Two brown bears hunt on Russia’s Kamchatka Peninsula.
(Image: © Shutterstock)
A mother bear and her cub were shot and killed while trying to board a nuclear submarine in Russia, according to news reports.
The sub was docked near the village of Rybachiy in Russia’s far-eastern Kamchatka Peninsula, which has served as a submarine construction base since the 1960s. In a video shared on social media on Nov. 8, crewmembers aboard the sub watch as the two bears swim up from the adjacent bay and climb aboard the vessel’s deck.

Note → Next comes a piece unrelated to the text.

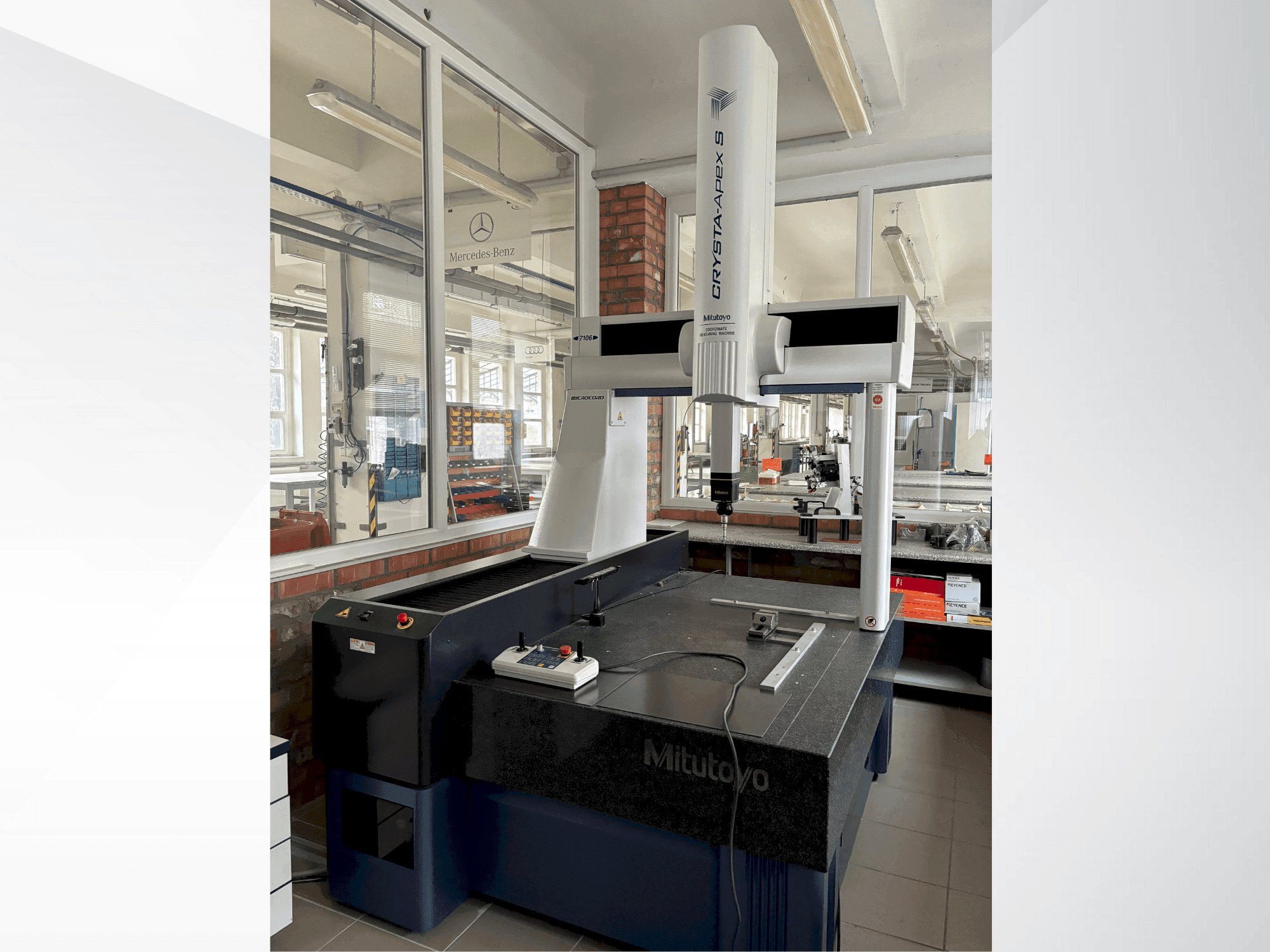 Vooraanzicht van Mitutoyo CRYSTA-Apex S7106 machine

According to the Moscow Times, naval personnel called a local hunting instructor to dispatch the bears with a “specialized hunting weapon.” In an unedited version of the video, a shotgun blast rings out before the bear cub falls from the sub’s deck and into the bay.

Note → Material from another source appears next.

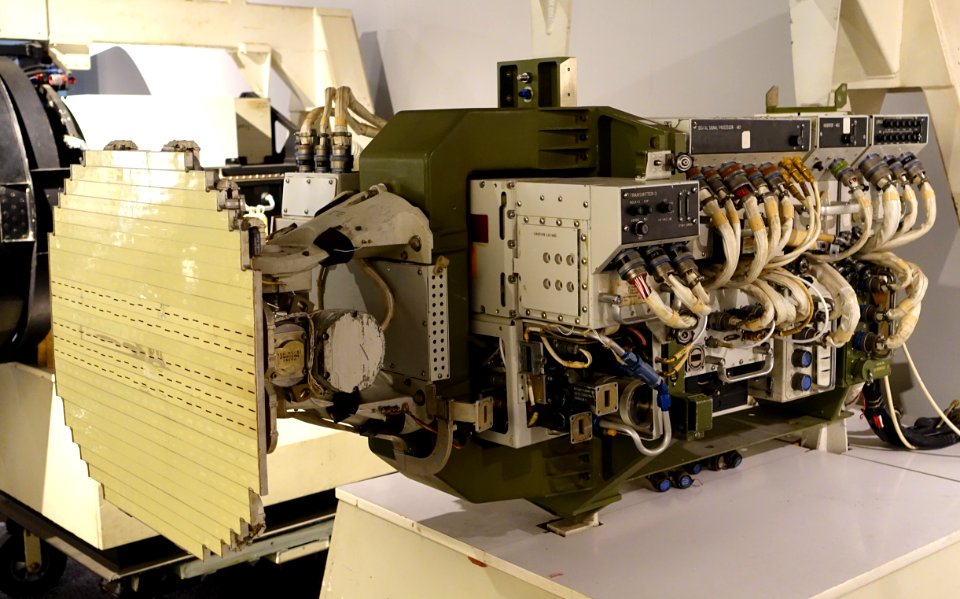F-16 Flight Test Radar, later designated AN-APG-66, Westinghouse, 1974 - National Electronics Museum - DSC00411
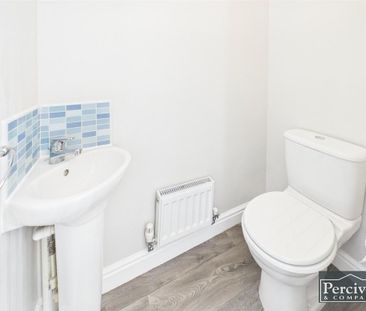 2 bedroom end of terrace house to rent - Photo 5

Why the bears were heart-set on becoming submariners is anyone’s guess, but the Russian military has already been barraged with social media scrutiny for killing the creatures, seemingly without cause. A spokesperson from the Russian Navy’s Pacific Fleet told the Russian news agency Interfax that the bears had been seen several times in recent days, and posed a threat to villagers.
One crewmember who can be heard speaking in the video echoes this sentiment. “There’s no other way,” he says, according to the Moscow Times (which translated the clip from Russian). “If you chase it out, it’ll wander into the villages. That’s how you fight bears in Kamchatka.”
An estimated 24,000 wild bears inhabit the Kamchatka Peninsula, according to BBC News. If the mother and cub were searching for food, as the Russian Navy spokesperson suggested, then they are hardly the first of their kind to venture into human territory in search of sustenance. In February 2019, more than 50 polar bears invaded a town in the Russian Arctic when thinning sea ice forced them away from their regular hunting grounds, Live Science previously reported. Climate change has caused the Arctic to warm twice as fast as the rest of the world, resulting in huge declines in sea ice every year, according to a December 2018 report released by the National Oceanographic and Atmospheric Administration (NOAA).